What to Do About Next Time?
It's interesting to compare the Wall Street Journal and the Denver Post on the Tsunami, and what to do about the Next Big One. The two responses tell you everything you need to know about how they think.
Here's the Journal:
It is preposterous to blame the inexorable forces of nature on the development of industry and infrastructures of modern society. The more sensible response to natural disasters is to improve forecasting, put in place efficient communications and evacuation procedures and, should the worst arrive, conduct relief efforts and rebuild what nature has destroyed. Those cautionary measures, as is now clear, cost money.

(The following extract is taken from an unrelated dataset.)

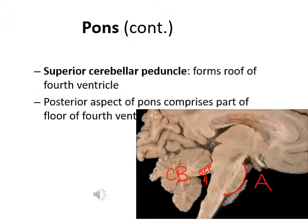Observing the pons from the mid-sagittal section, you can see the basal pons labeled, with the cerebellum posterior to the brainstem connected by three pairs of peduncles. The superior cerebellar peduncle (SCP) forms the roof of the fourth ventricle, and the posterior side of the pons forms the floor of the fourth ventricle.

The national income necessary to afford them is made possible only by economic growth of the sort too many of environmentalists retard with their policy extremism.
Rich countries suffer fewer fatalities from natural disasters because their prosperity has allowed them to create better protective measures. Consider the 41,000 death toll in last December's earthquake in Iran compared with the 63 who died when a slightly stronger earthquake hit San Francisco in 1989.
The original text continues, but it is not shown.